### [Problem details]
Take the line containing "Sofa 3-osobowa niska STILT tapicerowana" through the last line of the data and retype those lines exactly. Pictures do not belong in the copy.

### [The data]
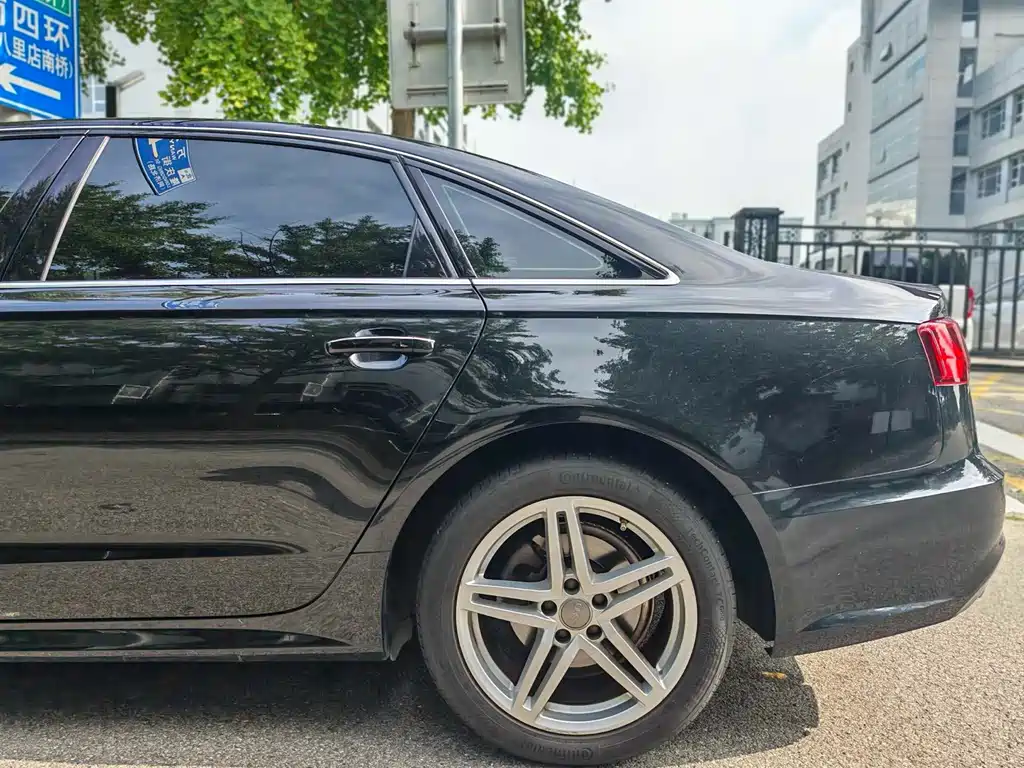 Audi A6L — миниатюра 31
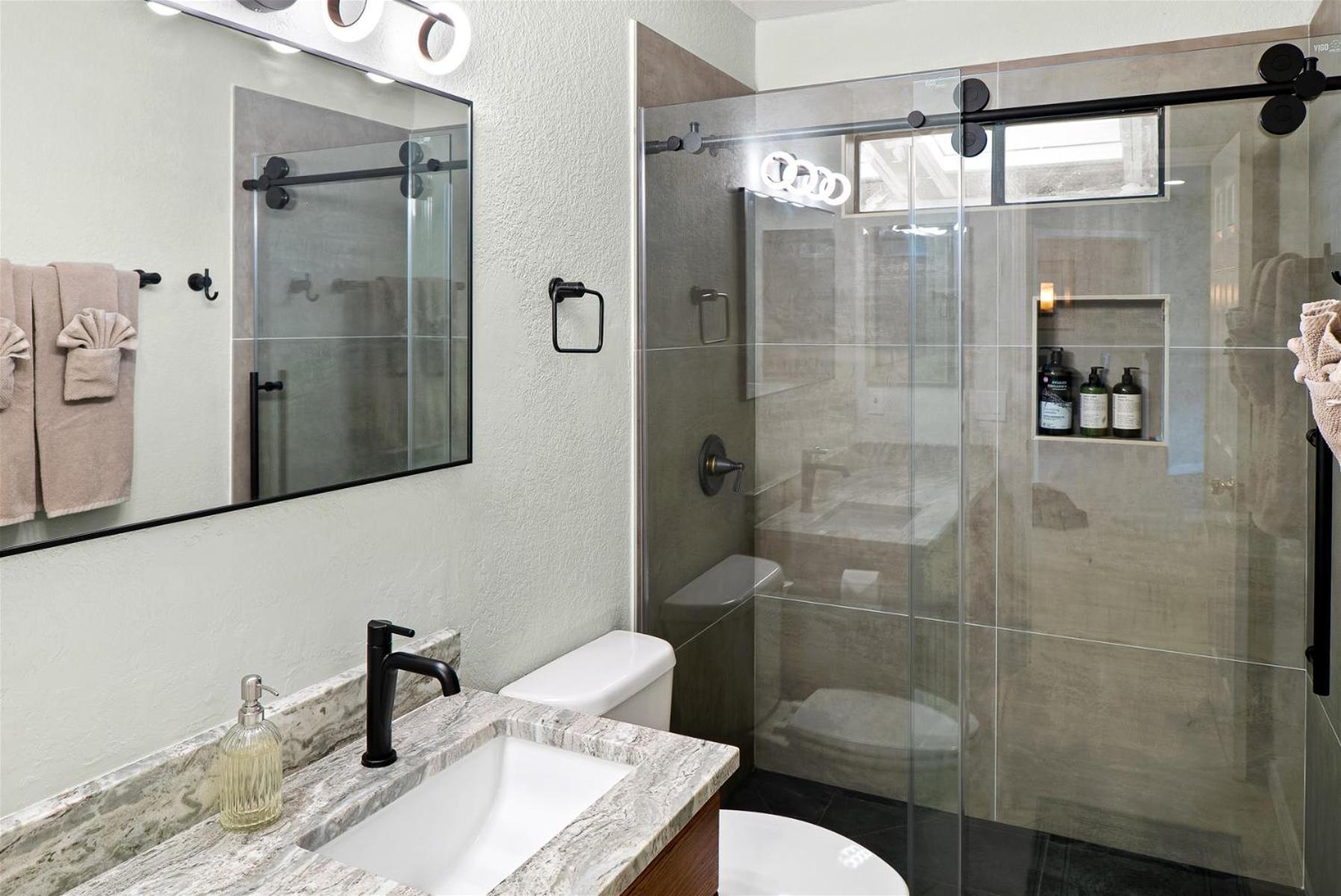 Spacious W Sedona 4 Bedroom Contemporary House! Bagian luar foto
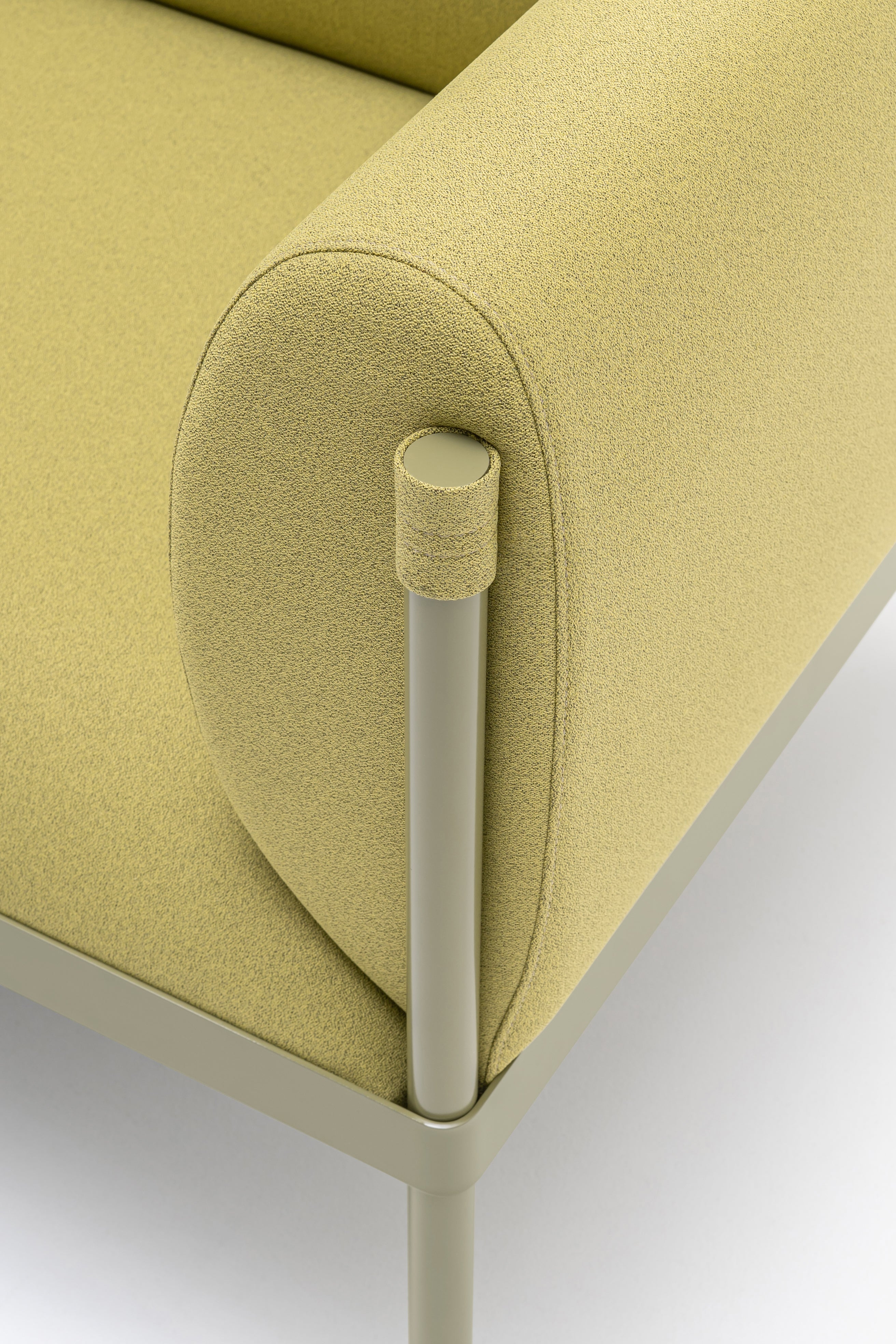 Sofa 3-osobowa niska STILT tapicerowana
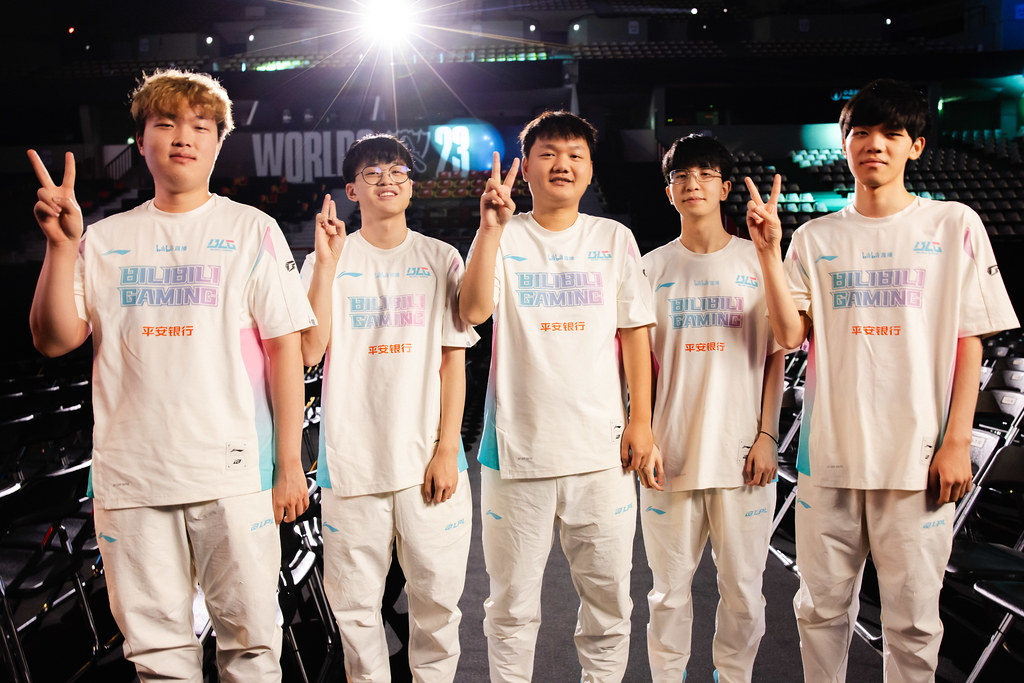 League of Legends World Championship 2023 - Semi Finals Features Day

### [Result]
 Sofa 3-osobowa niska STILT tapicerowana
 League of Legends World Championship 2023 - Semi Finals Features Day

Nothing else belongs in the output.